1.1.2 Refine resolution

The second method is one simplest method, we need only refine our data in higher resolution, like resolution in 10 times finer and the grids will in 100 times more.

Essentially there is no difference as 1. method, but the problem will be solved. This method is pointed, just because I must use Matlab processing the data, but there is no spatial Analyse Toolbox in Matlab. Therefore this is fast the only Answer, just because the Refine needs no supply from spatial Analyse Toolbox, we can easily repeat the data 10 more in row and 10 more in column.
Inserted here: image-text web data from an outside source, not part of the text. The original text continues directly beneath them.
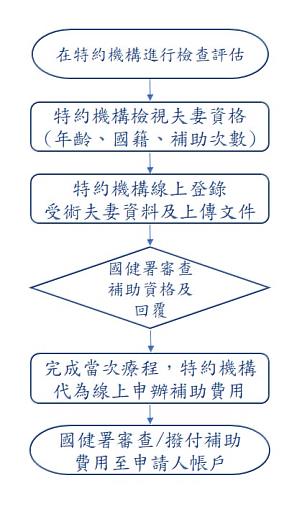 試管嬰兒補助流程圖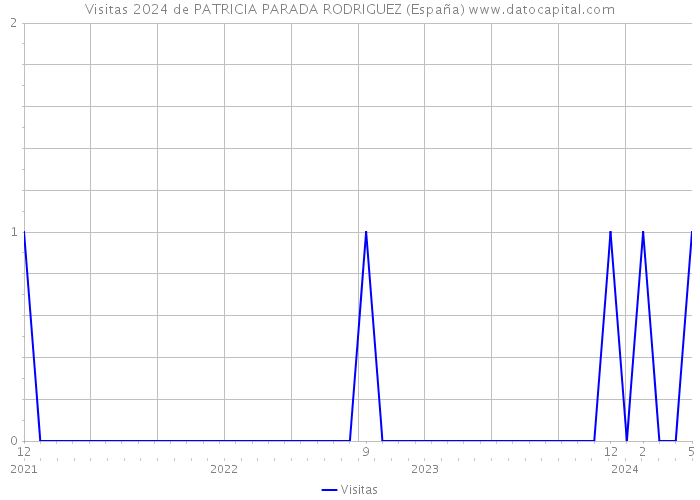 Visitas 2024 de PATRICIA PARADA RODRIGUEZ (España) 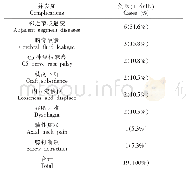 表2 手术并发症情况：颈前路手术治疗4个节段脊髓型颈椎病的中期疗效分析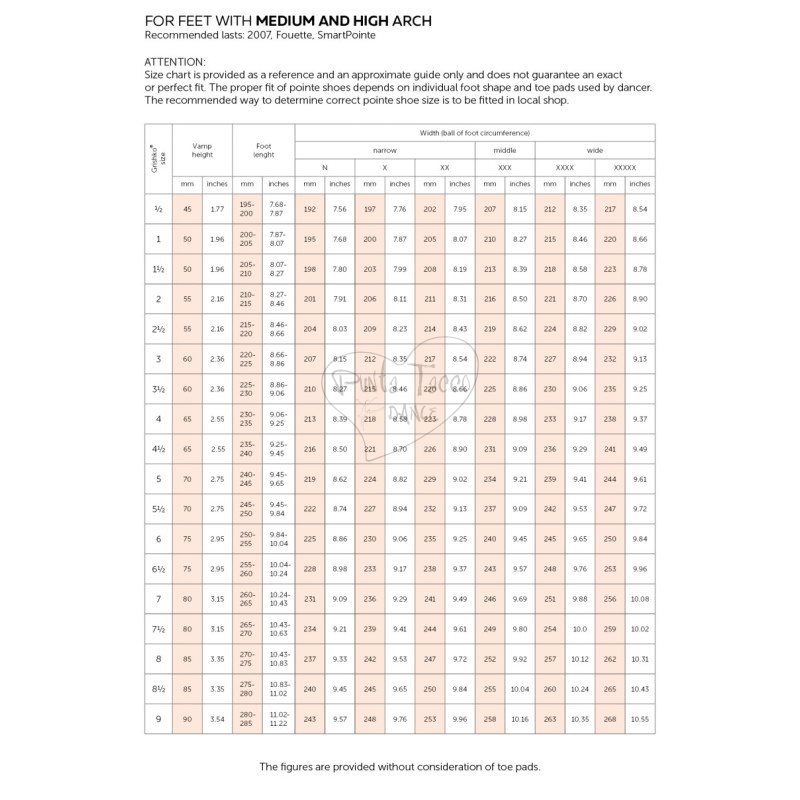 Grishko 2007 0509 Punta Suola SH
Illustration of Mask with “Touch” oder “Centerpoint” after Disaggregation

Like the figure shows: the accuracy is gut improvement, the deviation should lay under the 1%.

1.1.3 Exact with Area

The weighted mean is always exacter than the numerical average. The important Point for the weighted mean is the weights, in the spatial analyse it’s the portion of the area. So, the main task in third method is calculate the area of every value, that within one region.

In order to calculate the area, we need actually convert the raster grids into shape, for the convert we have also two methods:

  • the same value as one Polygon (this method should more convenient for the categories data with only several value)
  • every grid as a rectangle polygon, then calculate the portion of the area, where is located within the region (this method is use in R::terra package, but there is also a small deviation, when the CRS lie in lon-lat. The portion of one grid will be not equal to the portion of the region, because the grid area one to one is already different.)

Illustration von Extract mit Wert-Polygon

In the Illustration is every value as the same polygon converted.

1.1.4 Exact with scale product

This method is designed only for the meteorological data, those have the big mange on time scalar. It’s also the most effective method in the practice.

The theory and the formal is just like:

\[ \vec{\Omega}_{[time,region]} = \vec{A}_{[time,grid]} \cdot \vec{W}_{[grid,region]} \]

\(\vec{\Omega}_{[time,region]}\) = Region-value of every region

\(\vec{A}_{[time,grid]}\) = all Value in the matrix [time, grid]

\(\vec{W}_{[grid,region]}\) = Weights of every grid to every region in the matrix [grid,region]

1.1.4.1 Weight-Matrix

For the Weight-Matrix calculate we just the portion of the grid area only that within the region to the whole region area (but not the whole grid), then divide the area of the region.

One example weight_grid:

            [R1]      [R2]
 [G1]      0.000      0.00
 [G2] 134364.119 189431.77
 [G3] 212464.416      0.00
 [G4]   2747.413      0.00
 [G5] 150176.618      0.00
 [G6]      0.000  45011.22

G for Grid and R for Region

1.1.4.2 Value-Matrix

One example mat_value:

     [G1] [G2] [G3] [G4] [G5] [G6] 
[T1]    2    1    3    4    1    1  
[T2]    3    1    2    4    1    1  

T for Time

The end.

2 Vector Data

Compared to the raster data are Vector data describe the data use mange Shapes, the basic (or we can say the only three) Shape form are Points, Lines and Polygons. In all cases, the geometry of these data structures consists of sets of coordinate pairs (x, y). (From terra The geometry just define the location and topology, the other important part of vector data is the attributes of every shape, in that store we the data.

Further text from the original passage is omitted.